In high school and at West Point, Bill was inseparable from a special girl from Lansford. Three days after graduation, he married his Mary Anne in the Cadet Chapel, and a short year later Bill was the proud father of a son. As a husband and a father, Bill was the best. He was dedicated and loving. In February 1965, after the birth of his daughter, he joked that now all he needed was a million dollars. He had achieved all of his other goals.

Bill Whitehead shall be forever missed by his wife, children, family, and countless friends. Bill only knew how to give his best, and he lies now in the place he loved best—West Point. He is surrounded by his classmates who have made the supreme sacrifice for their country. His sacrifice saddens us, but we can say with pride that we have known and loved a great man.



MAJ William Charles Whitehead Jr. was an alumnus of the U.S. Military Academy at West Point, NY. He was one of 335 men from West Point who died or are MIA in Southeast Asia/Indochina during the period October, 1957 – September, 1972. “Well done; Be thou at peace.” 

70 Tackle Fall of 59 

Dear Major William C Whitehead Jr,

As an American, I would like to thank you for your service and for your sacrifice made on behalf of our wonderful country. The youth of today could gain much by learning of heroes such as yourself, men and women whose courage and heart can never be questioned.

May God allow you to read this, and may He allow me to someday shake your hand when I get to Heaven to personally thank you. May he also allow my father to find you and shake your hand now to say thank you; for America, and for those who love you.

With respect,  

Curt Carter


If I should die, and leave you here awhile, be not like others, sore undone, who keep long vigils by the silent dust, and weep…for MY sake, turn again to life, and smile…Nerving thy heart, and trembling hand to do something to comfort other hearts than thine…Complete these dear, unfinished tasks of mine…and I, perchance, may therein comfort you.

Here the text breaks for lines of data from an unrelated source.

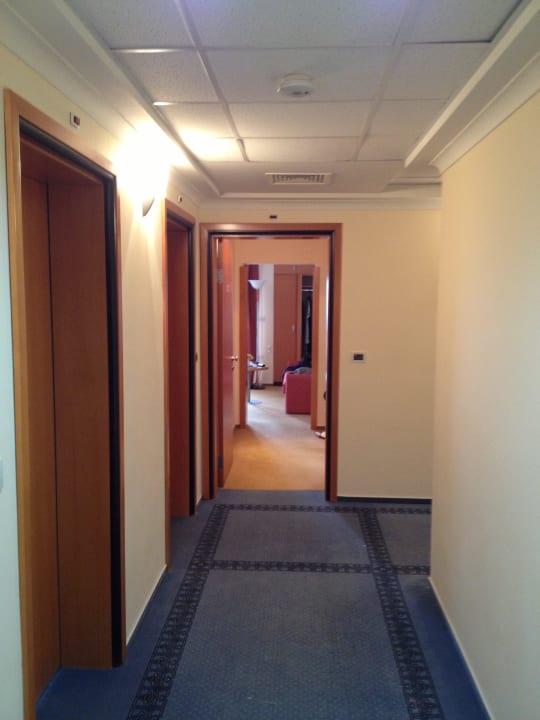 Vom Flur aus gesehen Hotel Marina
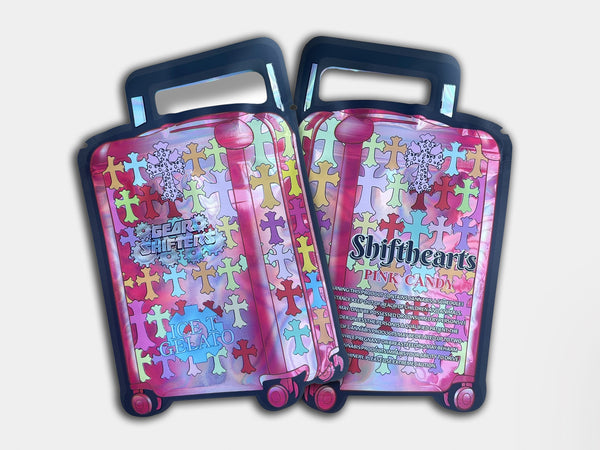 Pink Candy 3.5G Mylar Bag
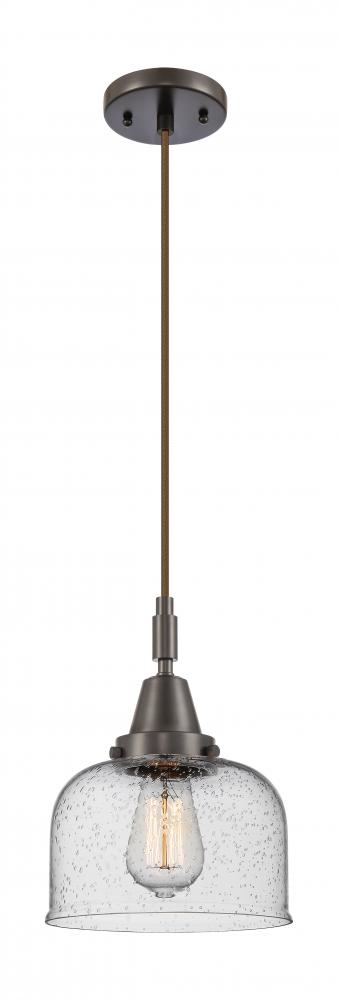 Bell - 1 Light - 8 inch - Oil Rubbed Bronze - Mini Pendant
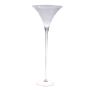 XXL sklenice na martini SACHA AIR na podstavci, čirá, 90cm, Ø35cm
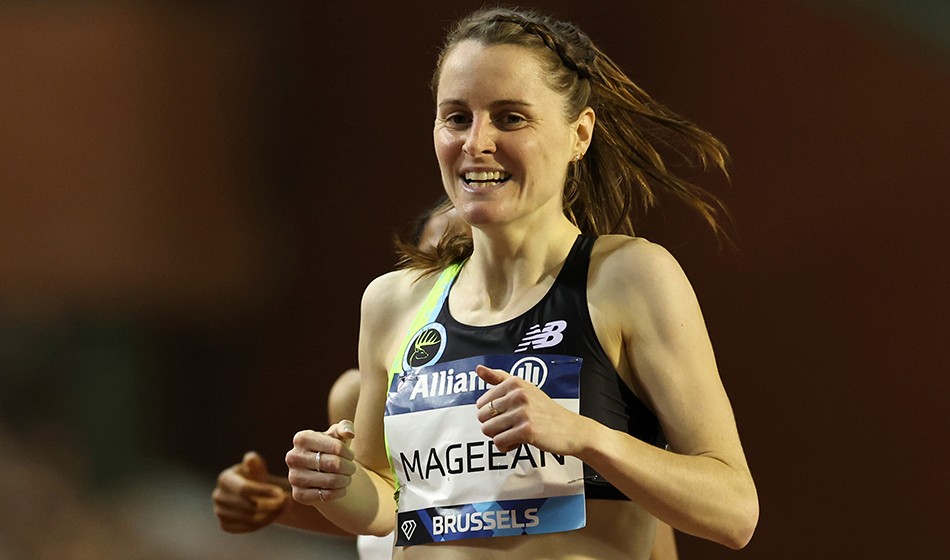 Why Ciara Mageean is embracing the pain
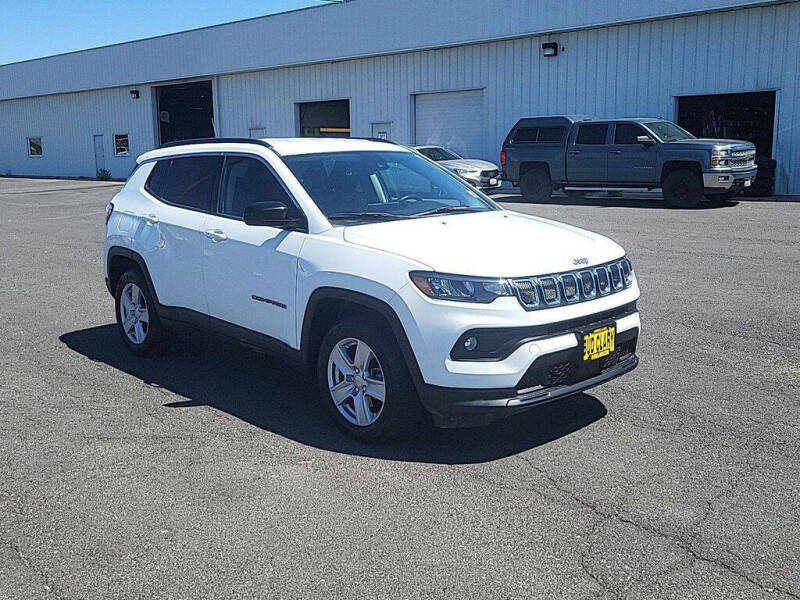 2022 Jeep Compass Latitude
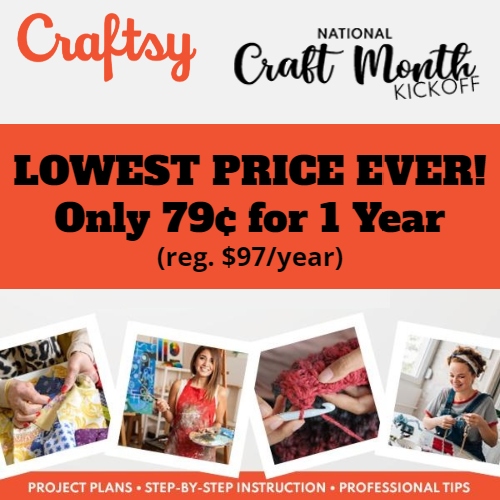 craftsy coupon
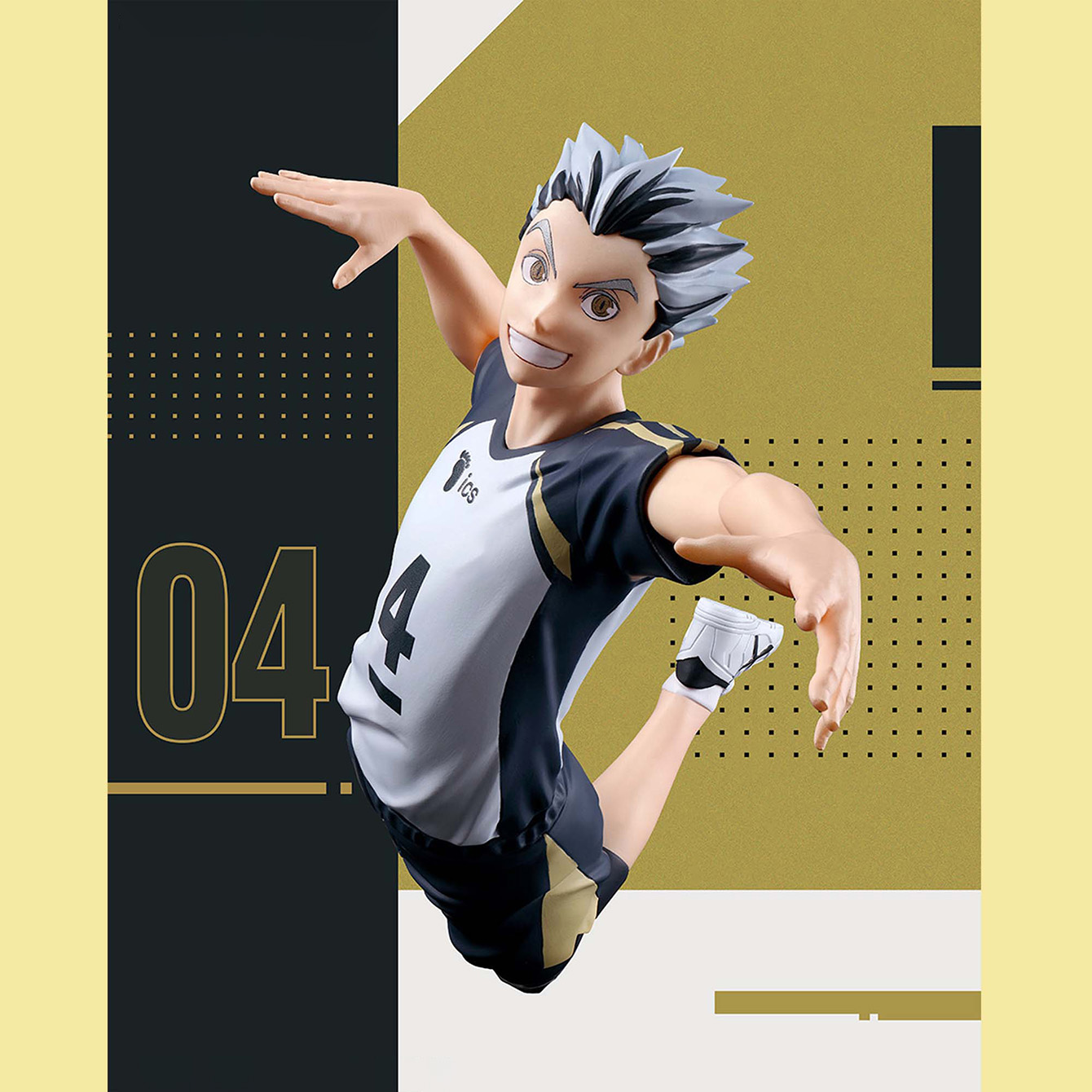 Anime Merchandise Haikyuu - Kotaro Bokuto, Haikyuu! Anime Figürleri, Anime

Was My Battery Commander, there was never a finer, more down to earth, Commander I ever had the privilege to serve under, before or after. It was a sad day for the 6/14 when the helicopter with him and WO Frank Jones went down on it’s way to Plei Jerang.
POSTED ON 5.26.2003


I served with Bill at Ft. Carson, Co in 1963-64. We were both in the 5th Inf Div (M). He played football on the Div Troops “Outlaws” which I coached, and was a valuable player, friend and comrade. We had great fun playing handball and enjoying our families. I have a picture of that football team and two men are missing from the photo — Bill and “Turk” Griffin both were KIA in RVN. I have remembered them in prayer every day since their death.